Gender and Sexuality Studies Program, Bard Translation and Translatability Initiative, and Asian Studies Program Present
Gender, Sexuality, and Feminism in Pakistani Urdu Writing
Tuesday, April 18, 2023
Olin Humanities, Room 102
5:00 pm – 6:30 pm EDT/GMT-4
5:00 pm – 6:30 pm EDT/GMT-4
Amina Yaqin, University of Exeter, Associate Professor of World Literature
My book offers a new understanding of progressive women’s poetry in Urdu and the legacy of postcolonial politics. It underlines Urdu’s linguistic hybridities, the context of the zenana, reform, and rekhti to illustrate how the modernising impulse under colonial rule impacted women as subjects in textual form.

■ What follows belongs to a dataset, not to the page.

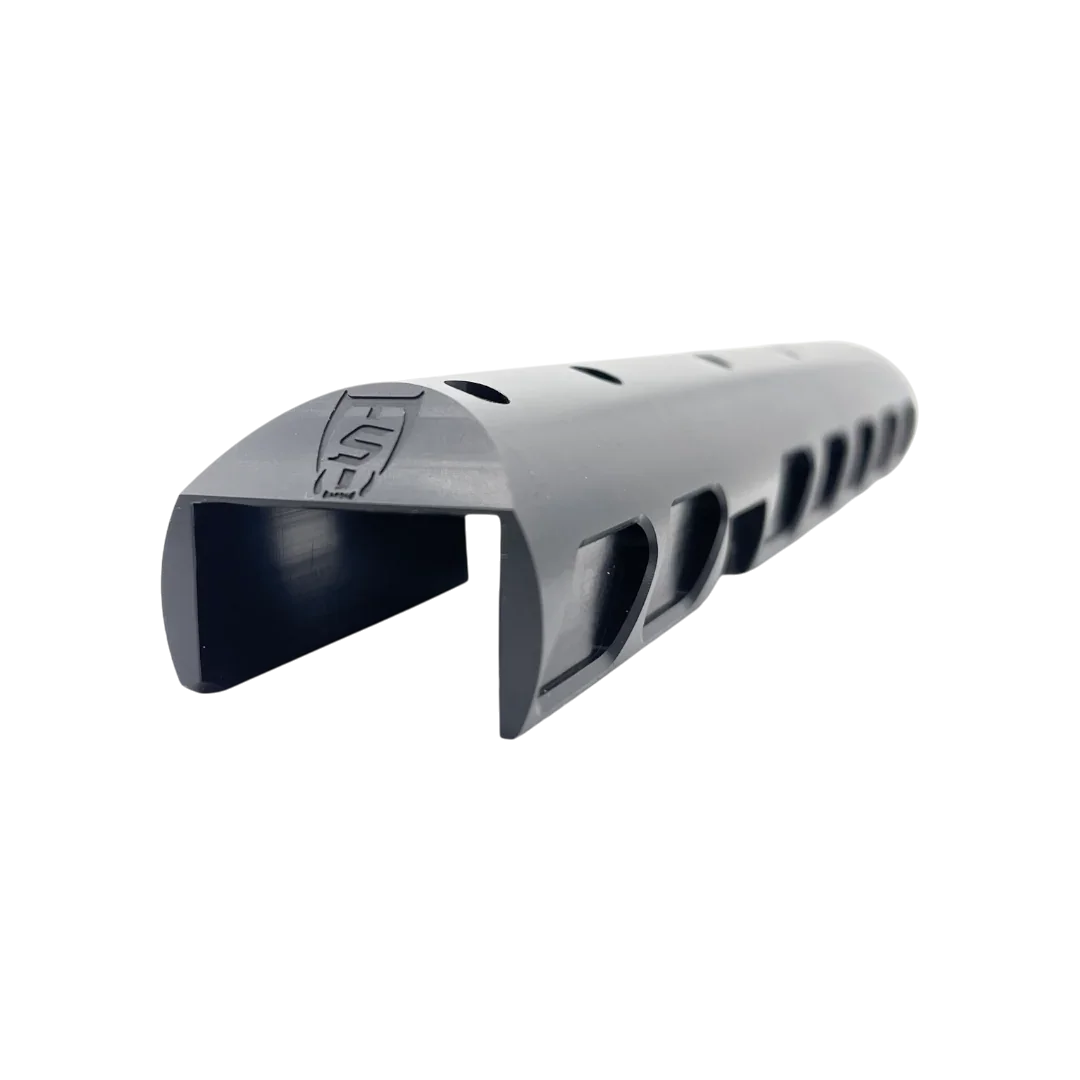 ที่รองแก้ม Saber Tactical ST0054 มุมจากปลายชิ้นงาน แสดงโลโก้ ผิวโค้ง และช่องเปิดด้านล่าง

My argument draws on genealogies of gender in Urdu literary culture from the canonical texts for sharif women from Mirat-ul Arus to Umrao Jan Ada that need to be looked at alongside women’s diaries and autobiographies so that we have an overall picture of gendered lives from imaginative fiction, memoirs and biographies.The influence of the Left, Marxist thought and resistance against colonial rule fired the Progressive Writers Movement in the 1930s. In post-Partition Pakistan, despite the disintegration of the Progressive Writers Movement and the official closure of the Left in Pakistan, I argue that an exceptional legacy can be found in the voices of distinctive women poets including Ada Jafri, Zehra Nigah, Sara Shagufta, Parvin Shakir, Fahmida Riaz and Kishwar Naheed. Their poems offer new metaphors and symbols borrowing from feminist thought and a hybrid Islamicate culture. Riaz and Naheed joined forces with the women’s movement in Pakistan in the 1980s and caused some discomfort amongst Urdu literary circles with their writing. Celebrated across both sides of the border, their poetry and politics is less well known than the verse of the progressive poet par excellence Faiz Ahmed Faiz or the hard hitting lyrics of Habib Jalib. The book demonstrates how they manipulate and appropriate a national language as mother tongue speakers to enunciate a middle ground between the sacred and secular. In doing so they offer a new aesthetic that is inspired by activism and influenced by feminist philosophy.